For the sake of girls who are just beginning life, let me tell the stories 
of some other girls who are now middle-aged women. Some of them 
have succeeded and some have failed in their purposes, and often in a 
surprising way. 
I remember a girl who left school at seventeen with the highest honors. 
Immediately we began to see her name in the best magazines. The 
heavy doors of literature seemed to swing open before her. Then
suddenly we heard no more of her. A dozen years later she was known 
to no one outside her own circle. She was earning her living as 
book-keeper in a large five-cent store! She led the life of a drudge, and 
that was not the worst of it. She was a sensitive woman, and there was 
much that was mortifying in her position. All her Greek and Italian 
books were packed away. She knew no more of science than when she 
left school. At odd minutes she read good novels, and that was all she 
had to do with literature. Those who had expected much of her thought 
her life was a failure, and she thought so too. 

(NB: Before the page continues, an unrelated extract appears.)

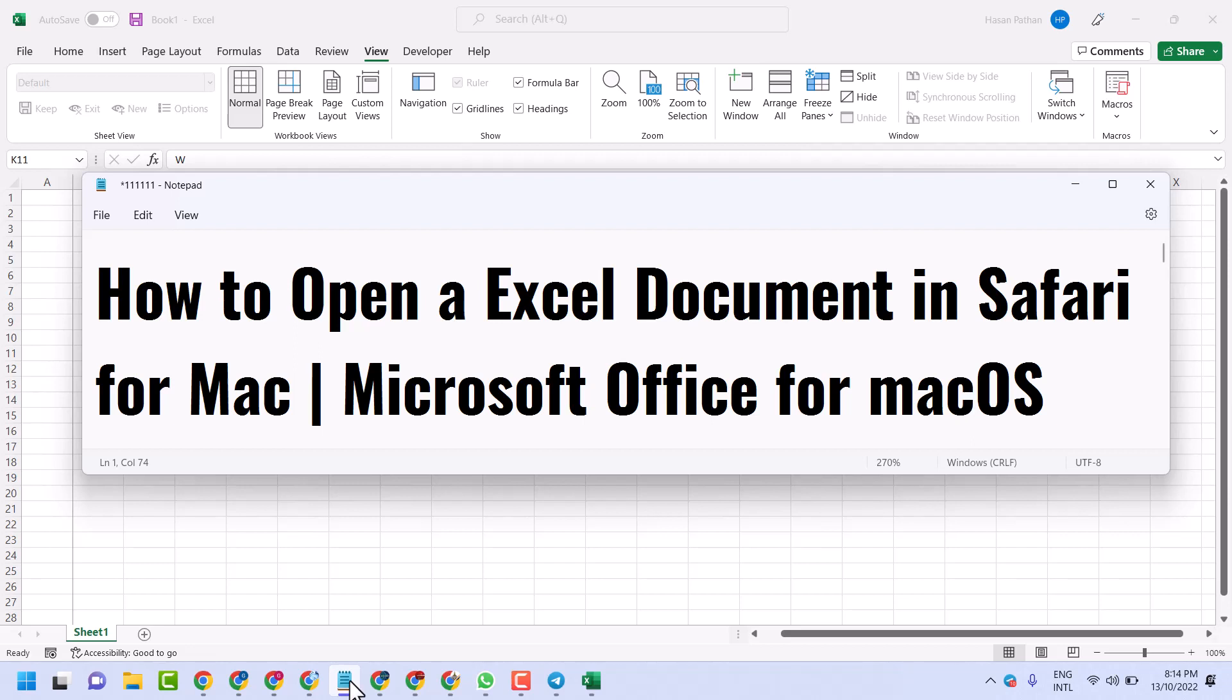Hello friends, in this video I will show how to open an Excel document in Safari for Mac, a very simple and basic way.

Yet there is another side to the picture. The aim she had set for herself 
in life was not to be an author, though that idea had taken strong hold 
on her, and she tried to realize it in spite of great discouragements. This 
was her minor aim, but the grand aim with her had always been to lead 
the divine life at whatever cost. It proved to cost almost everything. Her 
utmost help was needed for her large family, which was poor. Unusual 
as her success with editors had been, no girl of seventeen could depend 
on a large income from magazines. A good salary was offered her as 
book-keeper, and she accepted it. 
She tried to continue her favorite occupation by rising early, but she 
was not strong enough to go on long in that way. She sometimes had an 
hour in the evening, but when she saw the wistful look in her mother's 
face she would not shut herself up alone. At the rare times when she 
was still free to choose she went back to her books and her pen, but she 
could not do much, and at last she felt it would be better not to try. It 
was simply a source of vexation, and she needed a serene mind above 
all things. 
The only way her life could open towards beauty or happiness at all 
was by putting the true spirit into her daily work. With a resolute heart 
she did this. No books were ever more beautifully kept than hers; every 
figure was clear and perfect; every column was added without a 
mistake. In short, she did her work like an artist. 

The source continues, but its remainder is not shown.